1. Open https://certbot.eff.org/ and select the corresponding operating system and web server. After selecting, the corresponding platform description will appear. Since my system runs on nginx and CentOS (7.x), the description address that appears after selection is https://certbot.eff.org/#centosrhel7-nginx
2. Execute the command and modify the corresponding domain name parameters as needed.

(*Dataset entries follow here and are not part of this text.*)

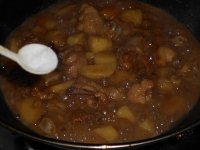 鸡腿炖土豆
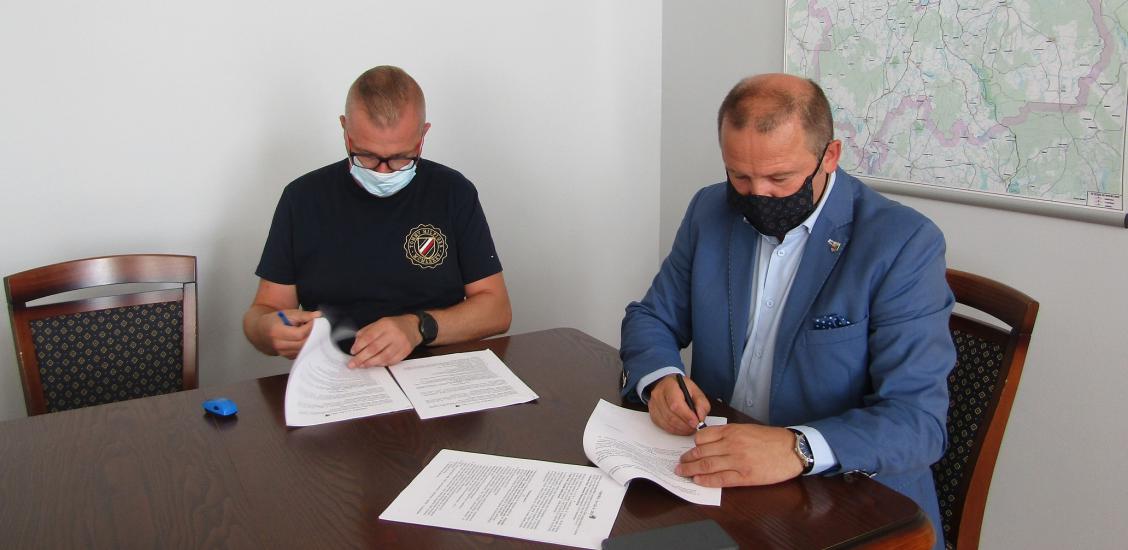 Podpisanie umowy z wykonawcą remontu boiska za połczyńską szkołą podstawową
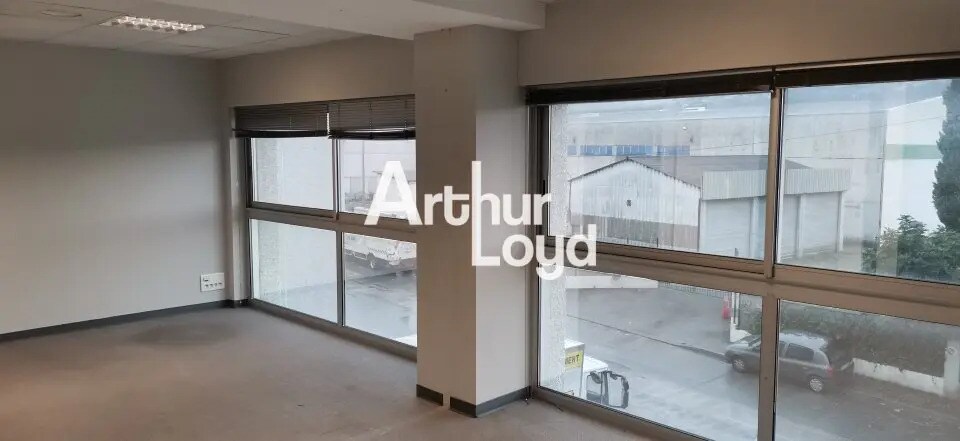 Bureau dans Saint-Laurent-du-Var à louer - Photo de l’immeuble – Image 3 sur 6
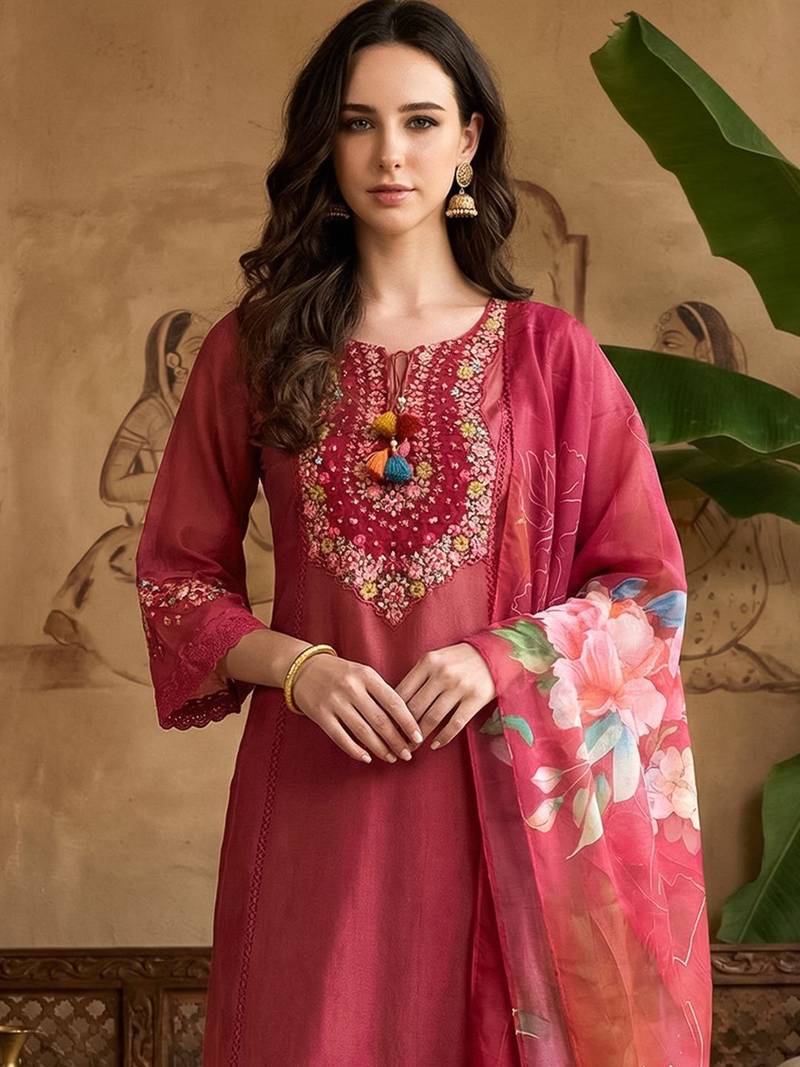 Women Floral Embroidered Regular Thread Work Kurta with Trousers & With Dupatta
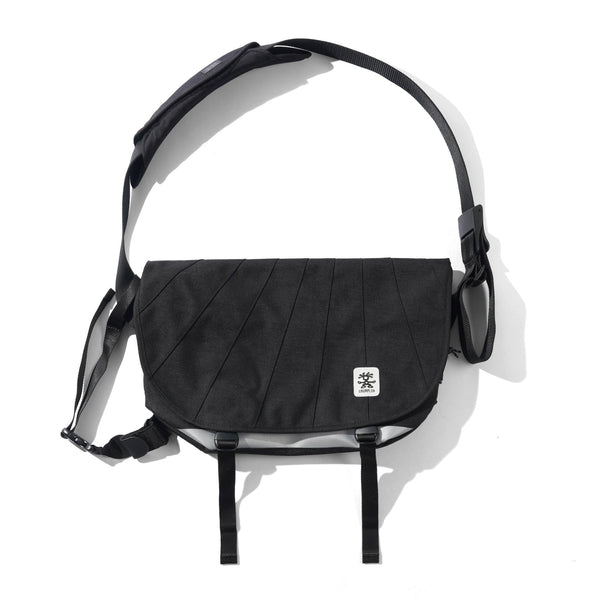 Crumpler Barney, Black Fan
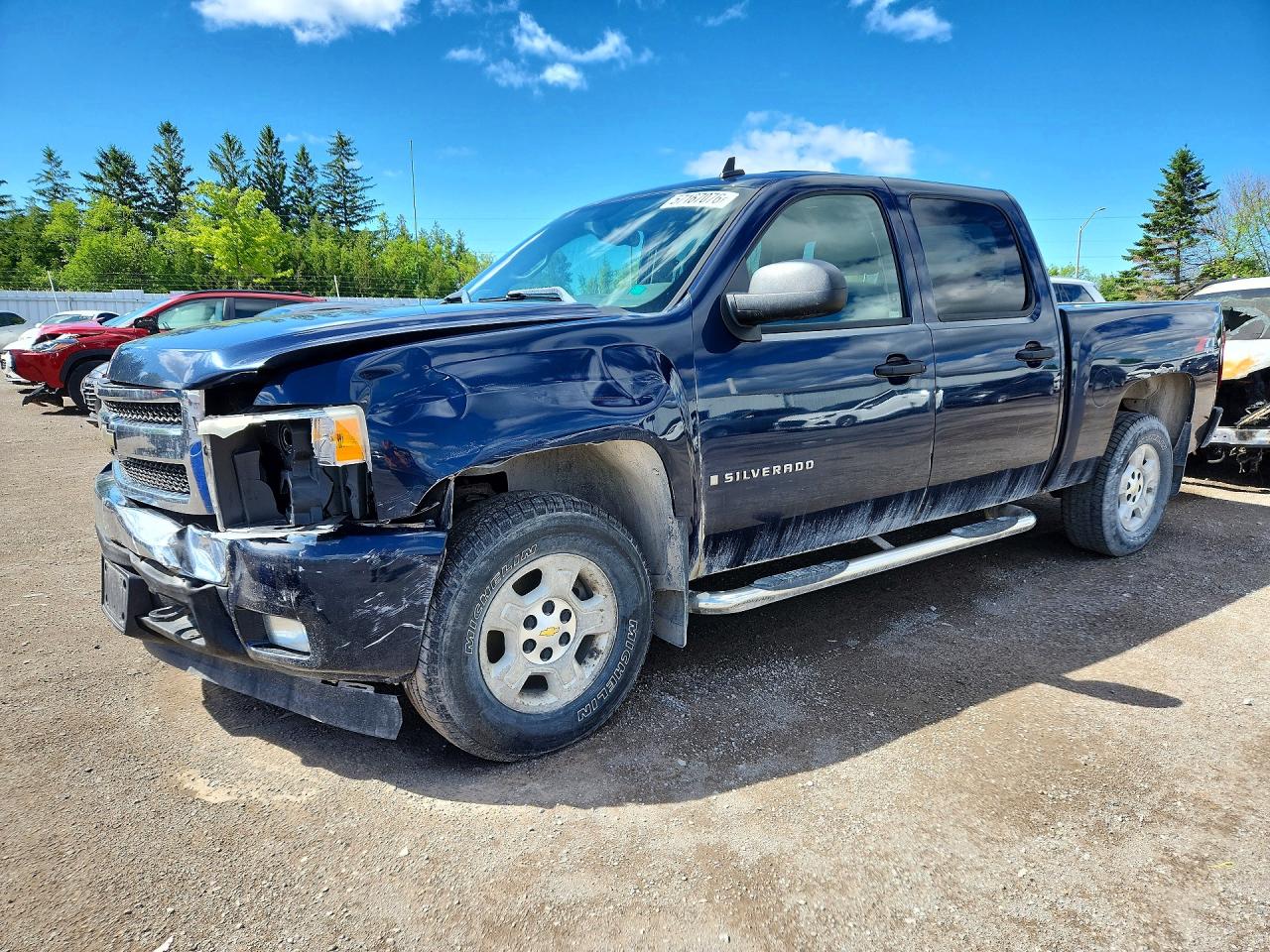2007 Chevrolet Silverado 1500 1LT, VIN 2GCEK13C071703415 — Перед
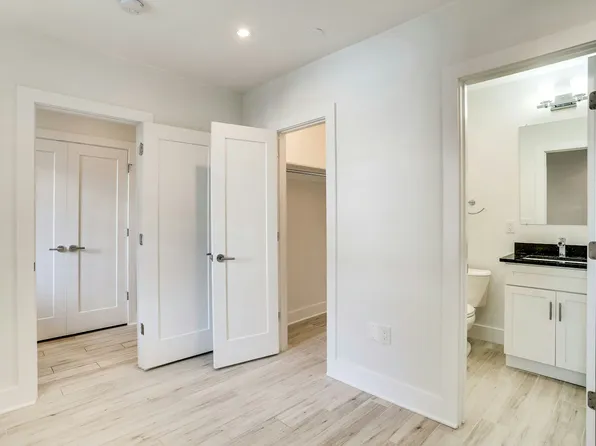 727 Quebec Pl NW, Washington, DC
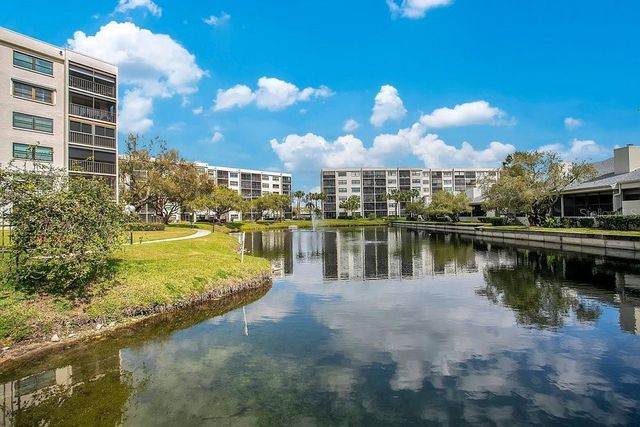 1328 PASADENA AVENUE S 104, South Pasadena, FL 33707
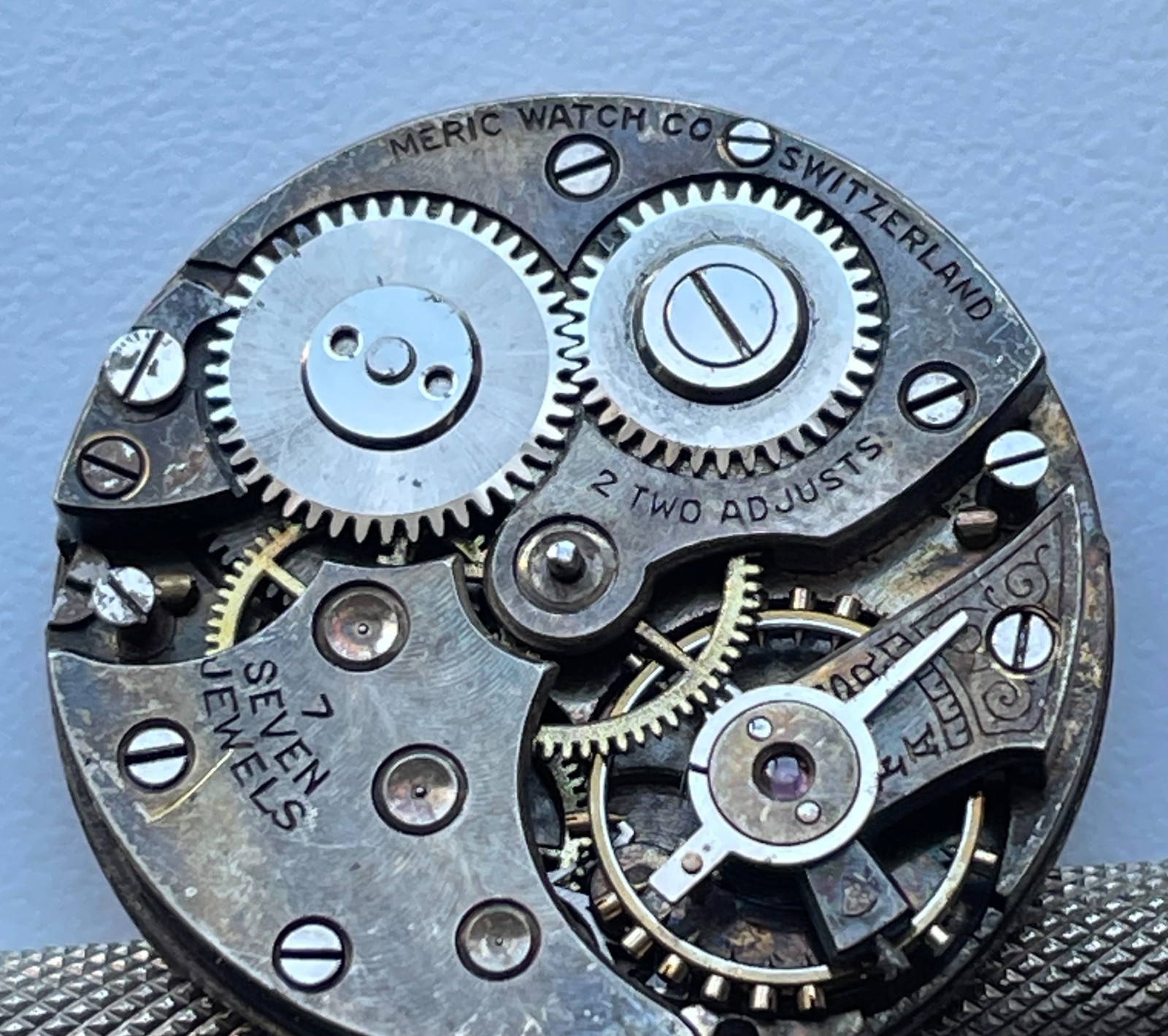 Meric Watch Co Swiss 7 Jewels Manual Wind Movement Nos 23.6mm For Parts Repair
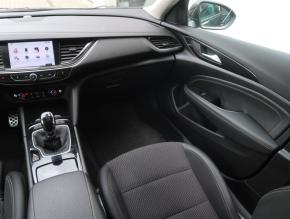 Opel Insignia  2.0 CDTI 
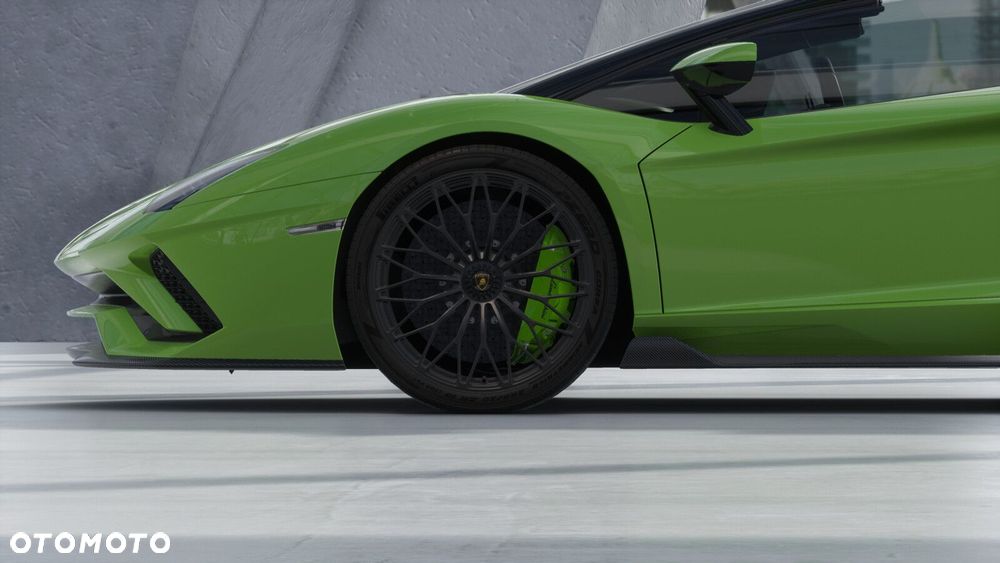 Lamborghini Aventador - 8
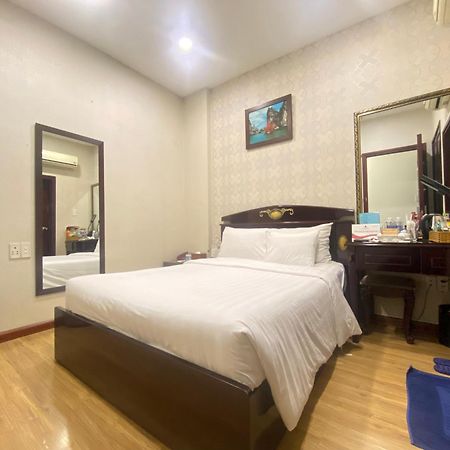 A25 Hotel - 25 Truong Dinh Thành Pho Ho Chí Minh Esterno foto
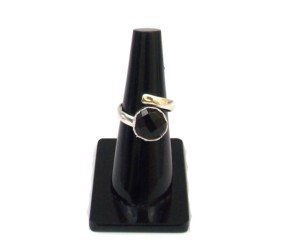 Piedra natal hecha a mano de oro de ónix negro, declaración de piedra múltiple, anillo bohemio de piedra preciosa Natural Vintage - Product Image 2
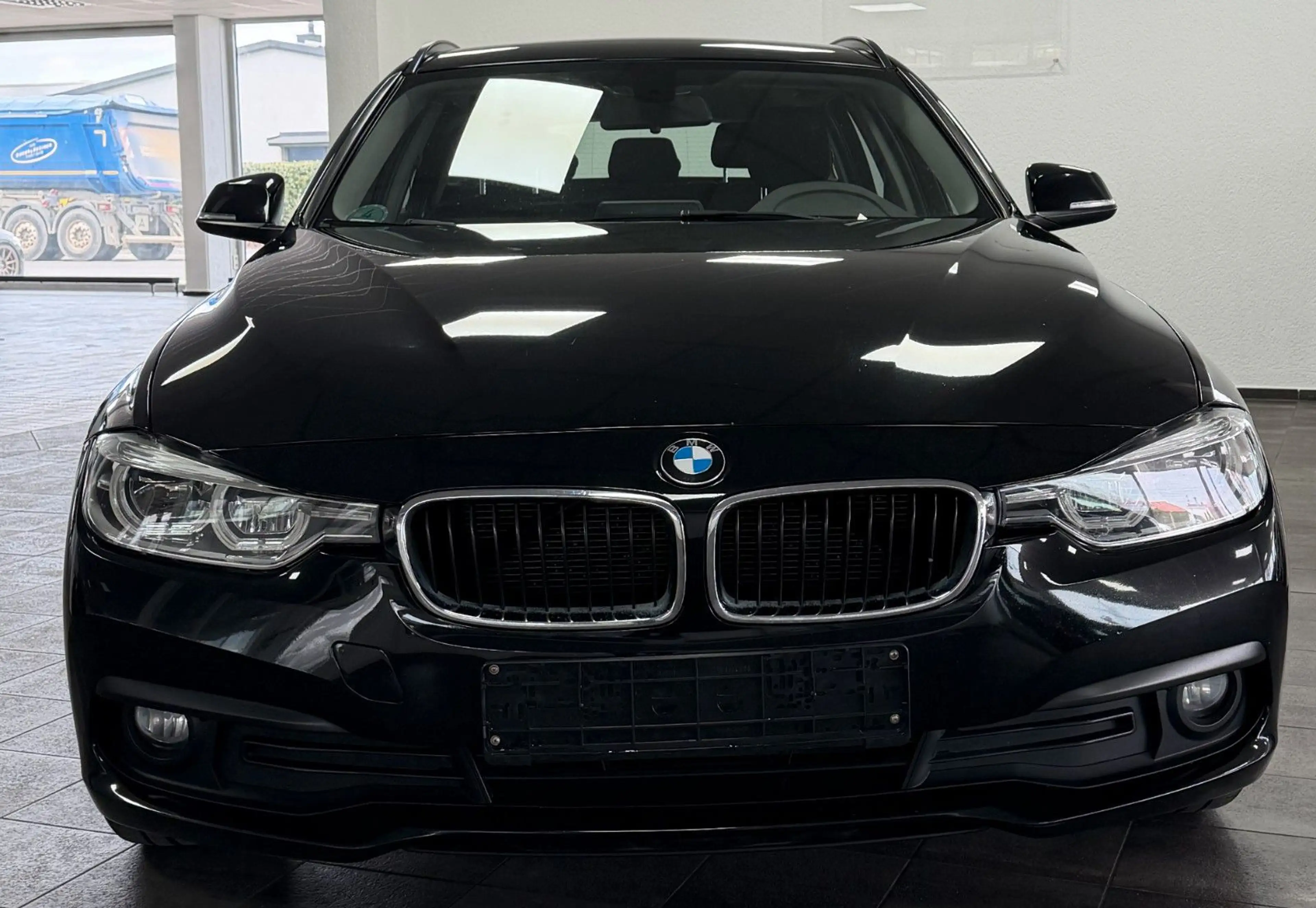 BMW 318 d Touring LED NAVI PDC 2 HAND EURO 6 TOP — photo 4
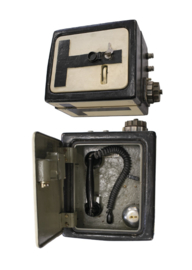 Leger bunkertelefoon in stalen wandkast - 45 x 33 x 29 cm - origineel
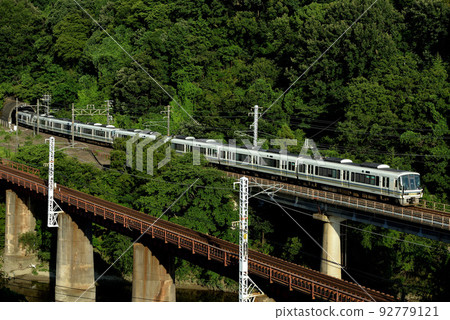 八輛 221 系列大和地快速列車在 6 號大和川大橋上運行 92779121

$ sudo yum install certbot
$ letsencrypt certonly --webroot -w /alidata/www/wordpress -d gittoy.com -d www.gittoy.com
3. Modify nginx
to change the related configuration of port 80 to port 443, and add related configuration. (You can modify the .conf file under Nignx)
# listen 80;
listen 443 ssl;
server_name localhost;
ssl_certificate /etc/letsencrypt/live/gittoy.com/fullchain.pem;
ssl_certificate_key /etc/letsencrypt/live/gittoy.com /privkey.pem;Add
80 ports to automatically jump (you can add conf files and modify them)
server {
listen 80;
server_name localhost;
return 301 https://$host$request_uri;
}
4. Restart nginx to make the configuration take effect: nginx -s reload
and access it with chrome, if there is a lock mark before the URL address, it means the setting is successful.
If the page also contains embedded HTTP elements, chrome will still display the i tag, and you can fix it one by one by clicking on the element description after the i.
Also note that Let's Encrypt is only valid for 90 days at a time, but can be updated via a script
test run
letsencrypt renew --dry-run --agree-tos
If the operation is successful, it is recommended to add the official update script to the cron script once and for all.
Check which scripts are automatically executed under the current crontab.
crontab -l
Edit the current crontab
crontab -e
Add the update script below
0 */12 * * * certbot renew --quiet --renew-hook "/etc/init.d/nginx reload"
The above is updated twice a day and is the official recommendation. The original words are as follows:
Note:
if you're setting up a cron or systemd job, we recommend running it twice per day (it won't do anything until your certificates are due for renewal or revoked, but running it regularly would give your site a chance of staying online in case a Let's Encrypt-initiated revocation happened for some reason). Please select a random minute within the hour for your renewal tasks.
Why not 90 days or 5 days, because once the server is restarted one day, the crontab will be extended for another 90 days and become invalid. The --renew-hook option will reload the nginx configuration when the certificate is successfully renewed. If it is not added, it needs to be manually loaded or manually restarted nginx.
A problem that many people will encounter is whether crontab is a problem of execution. It is recommended to put a 1-minute printing time in the crontab, which is the most effective method in my personal opinion.
*/1 * * * * echo "$(date)" >>/var/log/datecron.txt
Check to see if it runs automatically.
cat /var/log/datecron.txt
Although Let's Encrypt is a free service, friends who are satisfied with the use of letsencrypt can also go to their website for sponsorship.